Northwestern Medicine scientists have revealed a new role for a protein in Legionella pneumophila, a bacteria that replicates in amoebae in natural and manmade water systems, causing Legionnaires’ disease.

In a paper published in Infection and Immunity, they demonstrated that this protein, Cas2, has nucleus activity, or the ability to cleave the bonds between nucleic acids including RNA and DNA.

“We think this protein is modifying bacterial RNA expression so that L. pneumophila virulence toward amoebae is expressed more effectively,” said Nicholas Cianciotto, PhD, professor in Microbiology-Immunology.

Previously, Cianciotto and his co-authors had showed in a paper published in mBio that the Cas2 protein promotes Legionella infection of different species of amoebae. In addition to providing a place to grow and replicate, the amoebae host can protect the bacteria from biocides that would normally kill the organism.

“The bacteria become amplified by growing in the amoebae and as a result, are more likely to be aerosolized and inhaled by us,” Cianciotto said. “Amoebae are important in the transmission of the disease-causing bacteria from the environment to the human host, so the fact that this protein promotes infection of amoebae by L. pneumophila is quite significant in terms of understanding the genesis of disease.”

In this study, the Cianciotto lab created different forms of Cas2 and compared them to identify the active part of the protein. They then mutated Cas2 in the Legionella bacteria and found the mutant bacteria had a diminished ability to infect the amoebae.

Taking this research one step further, Cianciotto and his co-authors inserted the gene that codes for Cas2 into a strain of L. pneumophila that naturally lacks the gene and discovered that it caused the strain to become more infectious for amoebae.

Nicholas Cianciotto, PhD, professor in Microbiology-Immunology, whose lab revealed a new role for a protein involved in the replication of the bacteria that causes Legionnaires’ disease. 

 

“This suggests that in the natural environment, there is a selective advantage for strains to acquire this gene and to retain it,” he said.

Cianciotto said the paper not only defines a new virulence component of the Legionella bacterium but also provides insight into how the Cas family of proteins function and work in a larger system, called CRISPR-Cas. This system has previously been described as providing bacteria with immunity against phages – viruses that infect bacteria – but the study shows that proteins in the CRISPR-Cas system have other responsibilities, as well.

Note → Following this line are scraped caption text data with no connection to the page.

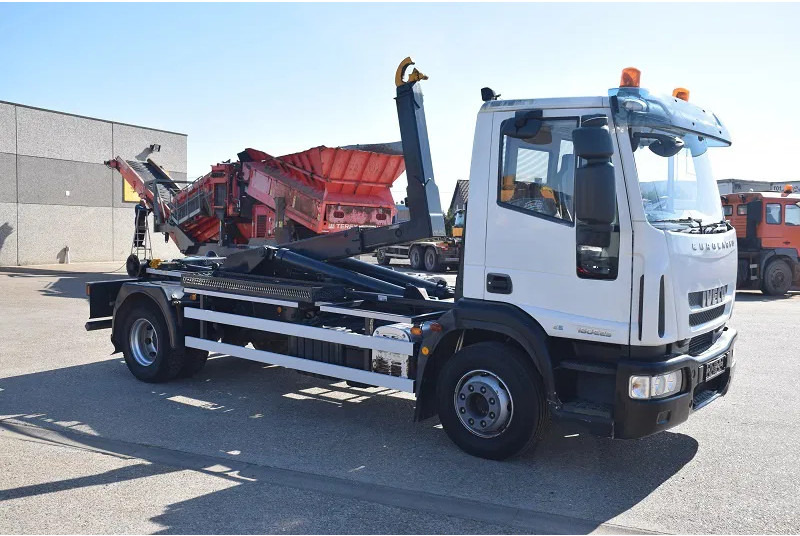 Iveco Iveco Eurocargo 160E25 - Hook lift truck: picture 5 Iveco Iveco Eurocargo 160E25 - Hook lift truck: picture 5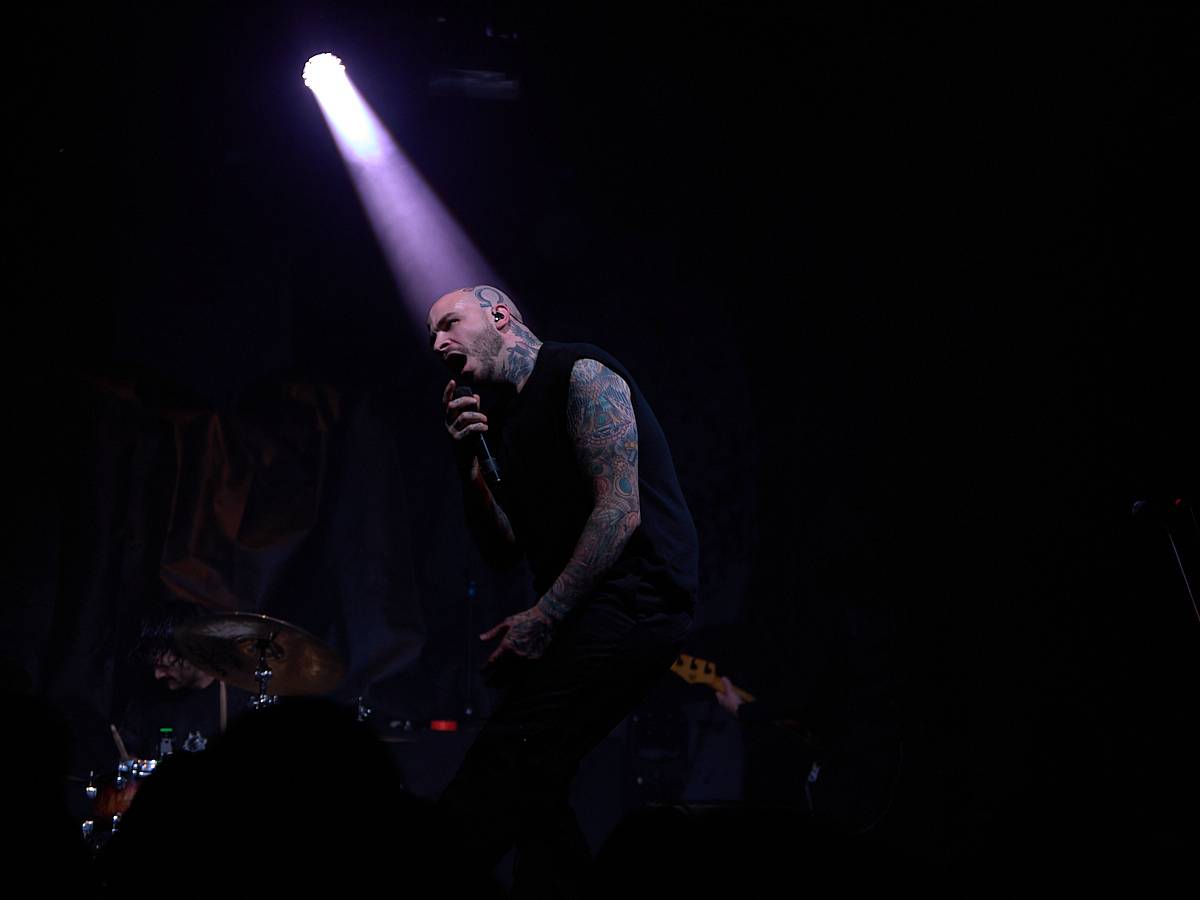 Metalcorový nářez v MeetFactory. Bleed From Within představili fanouškům nové album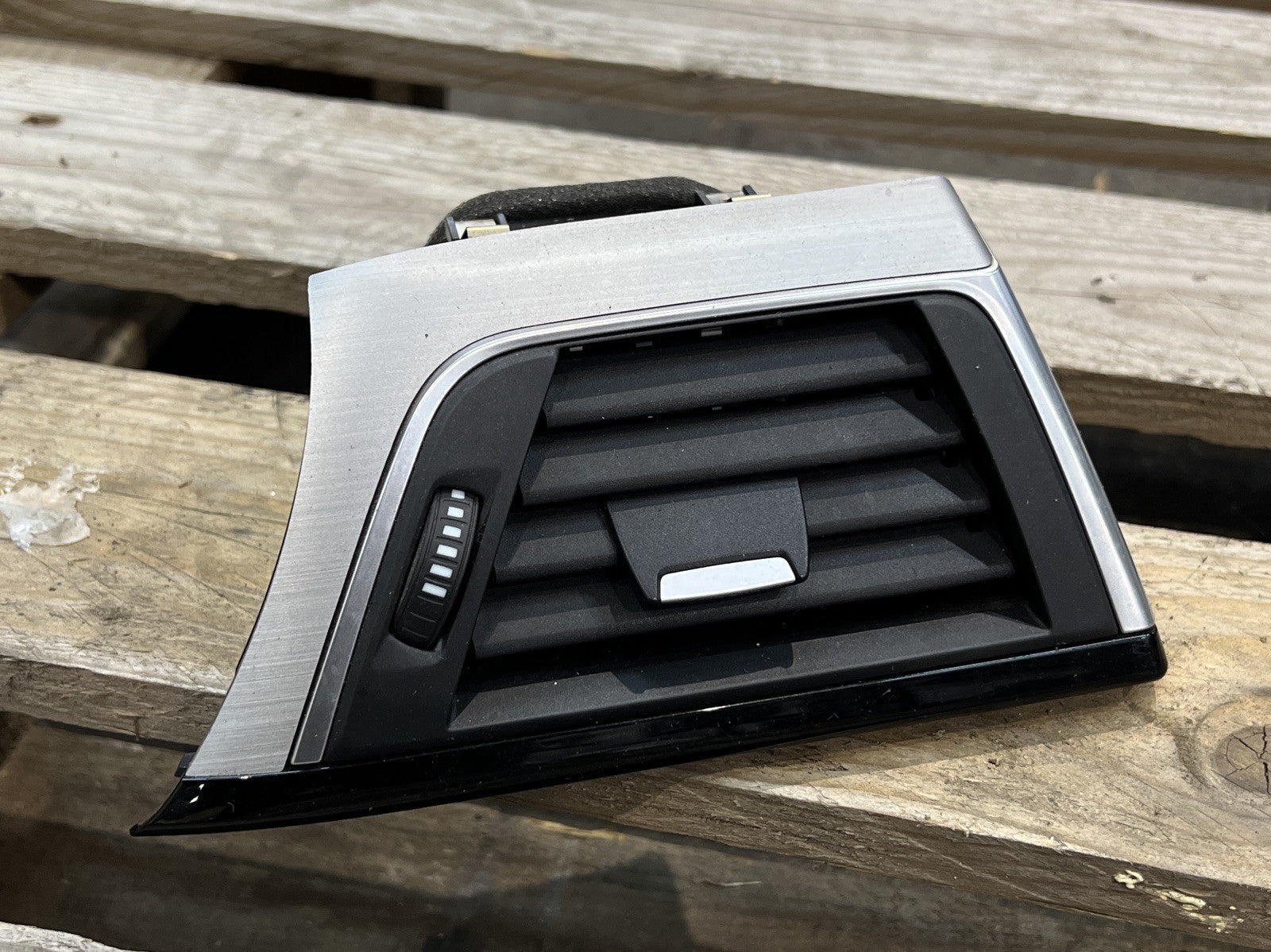 BMW 3 F30 F35 F31 2015 dashboard side air vent grill trim 9231995 LIQ16716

“We have this idea that bacteria evolved the CRISPR-Cas system for phage immunity, but parts of this system can do other things. It is a real documentation of the way bacteria are very effective at using their small genomes to do many different things,” he said.

Cianciotto thinks these studies will prompt similar studies with other bacterial species and that further research on the enzymology of Cas2 proteins is needed.

In ongoing research, Cianciotto is collaborating with Wayne F. Anderson, PhD, professor in Biochemistry and Molecular Genetics, to determine the structure of L. pneumophila Cas2 and compare it to other proteins to discover any unique structural attributes.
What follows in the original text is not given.